Il problema è la domanda
Il problema principale in Italia e in Europa è la domanda. Gli operatori non vedono la luce della ripresa. La calma piatta del mercato e i prezzi tendenti al ribasso non lasciano presagire nulla di buono almeno per la prima metà dell’anno prossimo. La sensazione è pienamente confermata nel Nord Est. Dove, occorre sottolineare, Veneto (fatturato complessivo della filiera di 12,1 miliardi di euro) e il Friuli Venezia Giulia (5,8 miliardi) sono rispettivamente la seconda e la quarta regione siderurgica d’Italia.
«È un momento di grandissima debolezza con una crisi trasversale in un po' tutti i settori di consumo», commenta Paolo Sangoi, presidente di Assofermet Acciai e del centro servizi Sangoi, con sede a Tarcento (Udine). «Solo la domanda per componenti di impianti di energie rinnovabili sta tenendo, ma è troppo poco. In Europa circa il 60% di acciaio viene utilizzato tra edilizia, automotive e bianco. Tutti mercati in crisi, con la sola parziale eccezione della richiesta di metallo per le grandi opere. E purtroppo – prosegue Sangoi – non si riescono a intravedere possibili recuperi, quantomeno nel breve-medio periodo. Nell’automotive e nell’elettrodomestico il grosso dei volumi viene fatto su programmi di produzione di lungo termine. Quindi male. E anche la domanda per la meccanica, per esempio per la fabbricazione di macchinari industriali, è rallentata».
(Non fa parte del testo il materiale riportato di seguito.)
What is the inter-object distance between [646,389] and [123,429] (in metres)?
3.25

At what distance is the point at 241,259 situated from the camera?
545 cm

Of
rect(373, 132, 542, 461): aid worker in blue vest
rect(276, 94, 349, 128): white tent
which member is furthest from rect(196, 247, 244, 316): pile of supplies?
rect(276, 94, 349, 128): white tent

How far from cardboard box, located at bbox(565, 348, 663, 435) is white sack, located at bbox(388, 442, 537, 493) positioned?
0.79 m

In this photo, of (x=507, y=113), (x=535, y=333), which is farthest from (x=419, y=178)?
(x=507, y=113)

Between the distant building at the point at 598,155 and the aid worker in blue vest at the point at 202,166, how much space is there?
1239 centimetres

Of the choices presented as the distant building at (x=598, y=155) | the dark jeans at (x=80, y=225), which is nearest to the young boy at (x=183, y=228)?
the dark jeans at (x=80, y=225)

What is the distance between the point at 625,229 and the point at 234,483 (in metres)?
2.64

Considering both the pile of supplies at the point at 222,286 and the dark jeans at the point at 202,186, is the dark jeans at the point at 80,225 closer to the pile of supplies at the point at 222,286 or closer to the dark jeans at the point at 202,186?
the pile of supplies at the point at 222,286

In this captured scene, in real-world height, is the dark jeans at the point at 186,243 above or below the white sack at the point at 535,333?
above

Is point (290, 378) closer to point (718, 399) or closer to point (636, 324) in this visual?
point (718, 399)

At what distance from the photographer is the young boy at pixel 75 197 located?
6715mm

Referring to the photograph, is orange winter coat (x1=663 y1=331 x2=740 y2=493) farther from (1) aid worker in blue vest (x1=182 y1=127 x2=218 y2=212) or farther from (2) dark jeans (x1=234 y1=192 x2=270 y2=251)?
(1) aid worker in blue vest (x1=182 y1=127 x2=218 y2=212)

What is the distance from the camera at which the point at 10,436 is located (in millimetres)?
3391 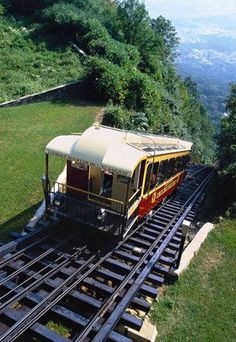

Indicatore di ciclo economico
Il presidente di Federacciai Antonio Gozzi sottolinea come l’acciaio sia un indicatore di ciclo economico. E che pertanto i segnali negativi che da oltre un anno arrivano dalla siderurgia hanno anticipato la situazione difficile in cui si trova oggi gran parte della manifattura europea. «I prodotti piani in particolare soffrono la forte contrazione di auto ed elettrodomestici. E il rallentamento della Germania in tutti i comparti della meccanica e nell’automotive colpisce molto noi italiani che siamo i primi subfornitori dei tedeschi».
Gozzi rimarca il problema del costo del denaro: «La domanda d'acciaio è soprattutto una domanda da investimenti. I due terzi dei consumi non arrivano da auto e bianco, ma dall’edilizia e dalla costruzione di capannoni, navi, treni, macchine movimento terra, e così via. In tal senso, gli investimenti non sono stati agevolati in questi ultimi anni dai tassi di interesse elevati, a causa delle politiche anti inflazionistiche. Anche se sicuramente il Pnrr ha aiutato a ridurre la contrazione dei consumi. Dalla fine del ciclo alto dell’edilizia – precisa Gozzi – sono invece penalizzati innanzitutto i prodotti lunghi. Che però, rispetto ai piani, sono meno esposti alla concorrenza dell’Asia, spesso in dumping, perché hanno gamme di formati molto variabili che rende più difficile nel nostro mercato la diffusione dell’offerta dei competitor stranieri».
Un qualche timido segnale di ripresa della domanda lo percepisce infine Barbara Beltrame Giacomello, vicepresidente di AFV Beltrame Group, intervenuta all’evento Bilanci di Acciaio 2024. «Ma per vedere numeri decenti occorrerà aspettare la metà dell’anno. Il 2025 non sarà facile perché molte delle problematiche non sono dovute a scelte fatte da noi, ma le abbiamo subite». Beltrame si appella all’Ue perché faccia blocco comune: «Deve agire il prima possibile per riuscire a salvaguardare e a mantenere sana e viva la sua industria».